For example, with respect to hiring, the Agreement required Leadpoint to ensure that its personnel “have the appropriate qualifications (including certification and training) consistent with all applicable laws and instructions from [BFI], to perform the general duties of the assigned position.” Under the Agreement, BFI also had the right to request that personnel supplied by Leadpoint “meet or exceed [BFI's] own standard selection procedures and tests.” With respect to discipline, while the Agreement provides that Leadpoint has sole responsibility to counsel, discipline, review, evaluate, and terminate personnel who are assigned to BFI, it also grants BFI the authority to “reject any Personnel, and . . . discontinue the use of any personnel for any or no reason.” With respect to safety, the Agreement provides that Leadpoint must require its employees to comply with BFI’s safety policies, procedures, and training requirements; at the same time, the Agreement provides that BFI “reserves the right to enforce the Safety Policy provided to [Leadpoint] personnel.” These examples should suffice to show that the contractual provisions the Board deemed material to the analysis are commonplace and hardly atypical.

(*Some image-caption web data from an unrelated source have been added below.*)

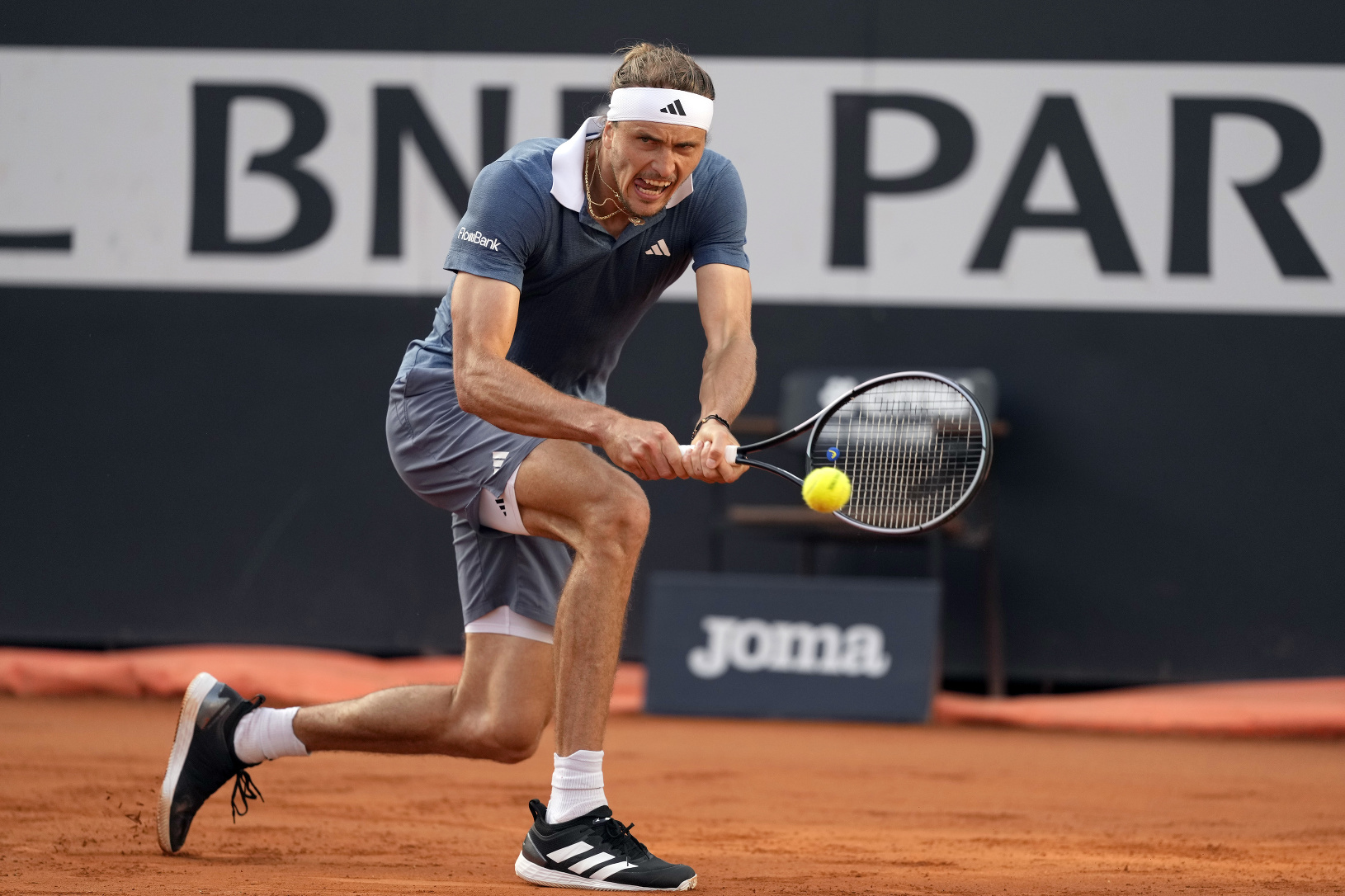 Alexander Zverev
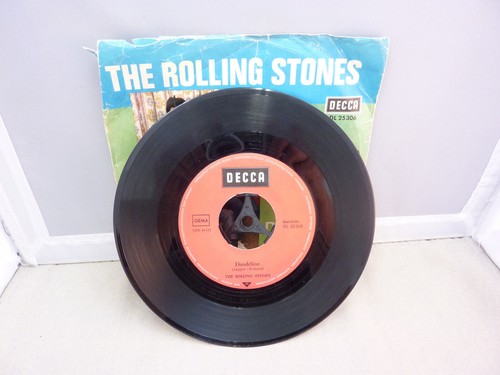 The rolling stones - rolling,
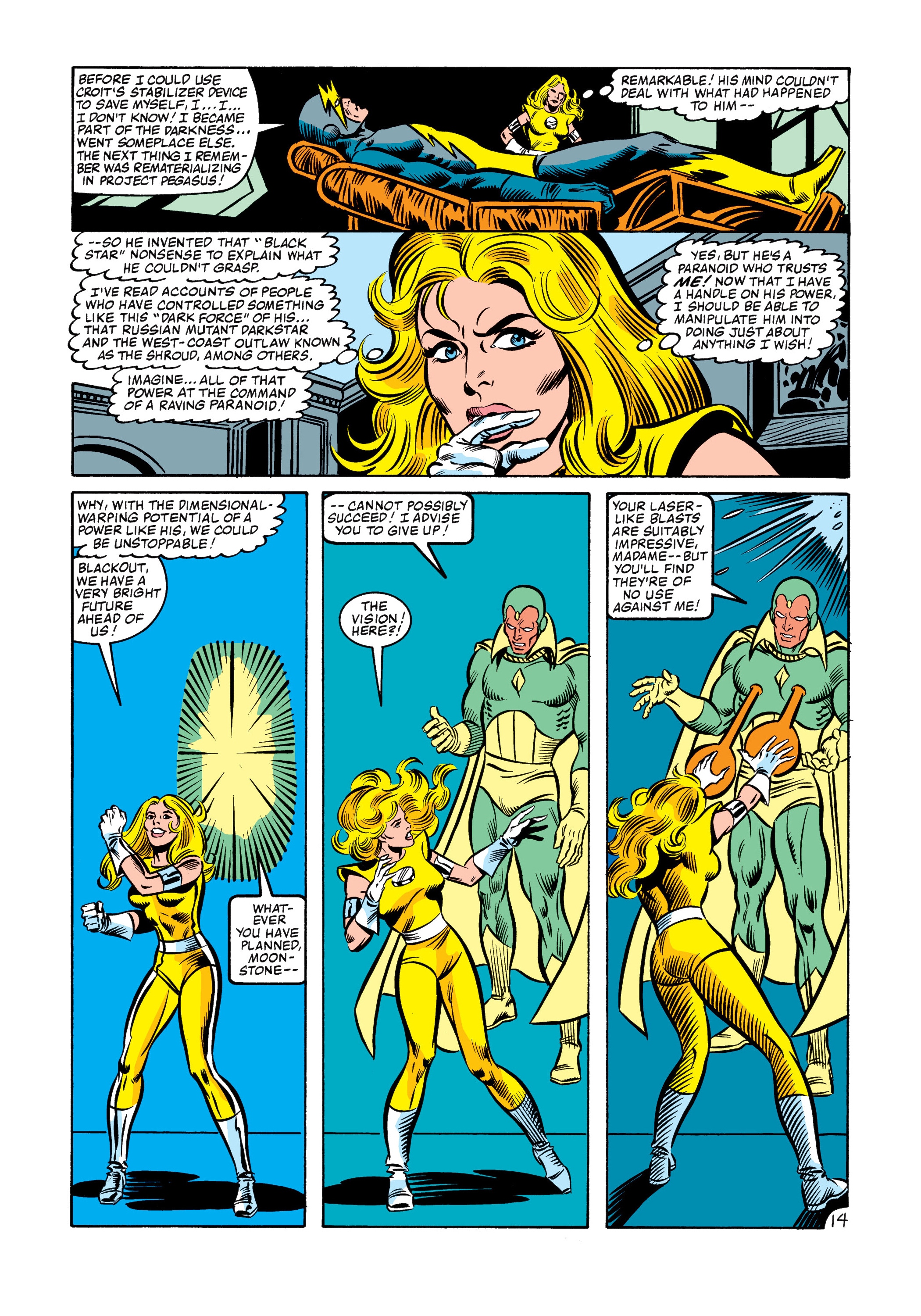 Read online Marvel Masterworks: The Avengers comic -  Issue # TPB 23 (Part 2) - 63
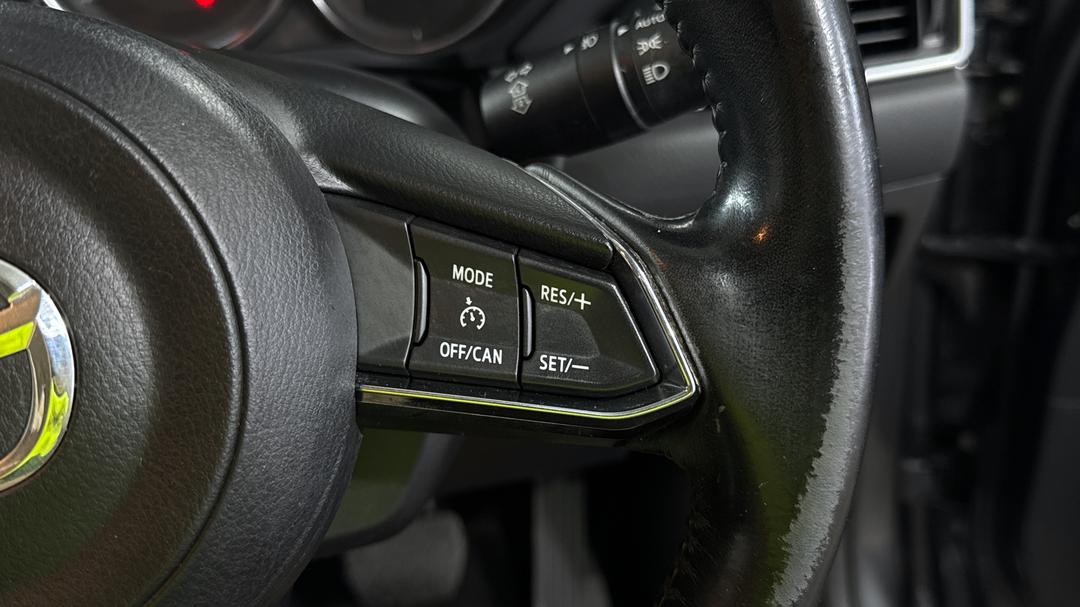 2018 Mazda CX-5 Maxx Sport (4x4), Automatic, 96625 km, Cruise Control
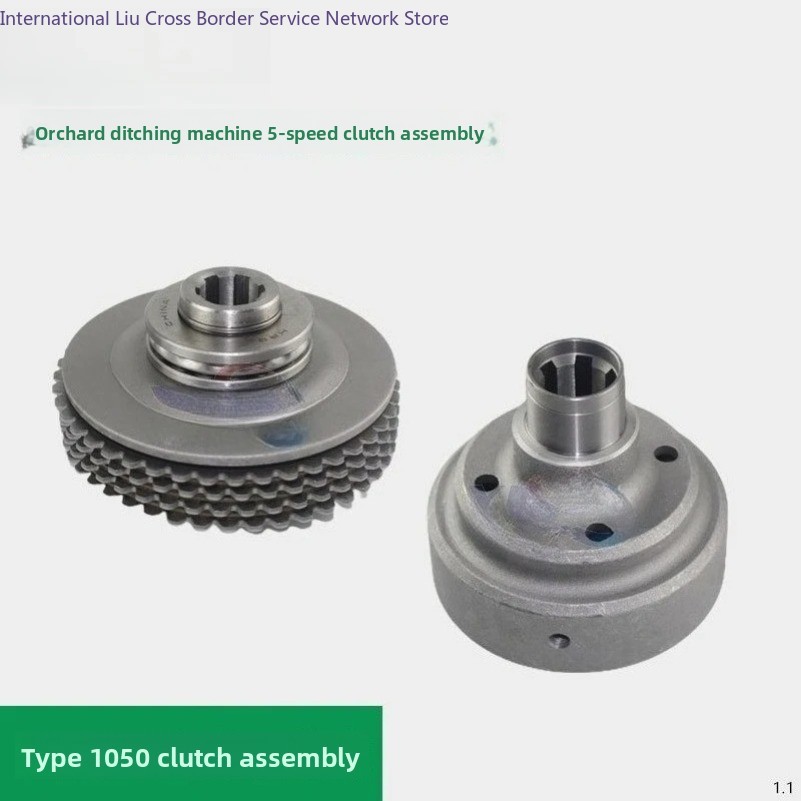 مناسب لآلات الحدائق الزراعية ا - مراجعة Trencher Machine Small وسعره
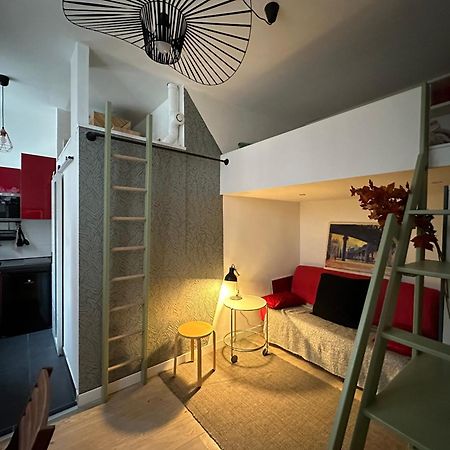 דירות Paris Centre Dynamique Et Populaire מראה חיצוני תמונה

Likewise, the anecdotes highlighted in the Board’s decision to support its holding that BFI was a joint employer recount scenarios that routinely occur at plants and facilities with operative contingent labor agreements. For example, as evidence of the fact that BFI exercised direct and immediate control over disciplinary matters notwithstanding contractual language assigning sole responsibility for discipline to Leadpoint, the Board pointed to an email from a BFI Operations Manager [Keck] to Leadpoint CEO Ramirez, stating that he observed two Leadpoint employees passing a pint of whiskey at the jobsite. Keck also contacted a Leadpoint Manager, who immediately sent the two employees for alcohol and drug screening. Leadpoint subsequently investigated the matter and terminated one employee and reassigned the other. There is nothing unusual about the scenario depicted here with respect to how daily operations play out at facilities in which contingent employees, who are supervised and managed by employees of the contingent workforce provider, work alongside employees of the “user” party to the labor agreement.
The point of all this is to say that companies that use contingent/temporary employees under the terms of third-party contingent labor services agreements cannot close their eyes to the broad sweeping ramifications of the NLRB’s decision in Browning-Ferris. Both the agreement at issue in Browning-Ferris and the way the agreement was carried out as a practical day-to-day manner are ubiquitous. Changes in the legal landscape such as this fundamentally affect the parties’ agreements as to risk allocation as embodied in the terms of their contingent labor service agreements and present a need for both the users and suppliers of contingent labor to conduct an audit of their agreements themselves, along with their implementation.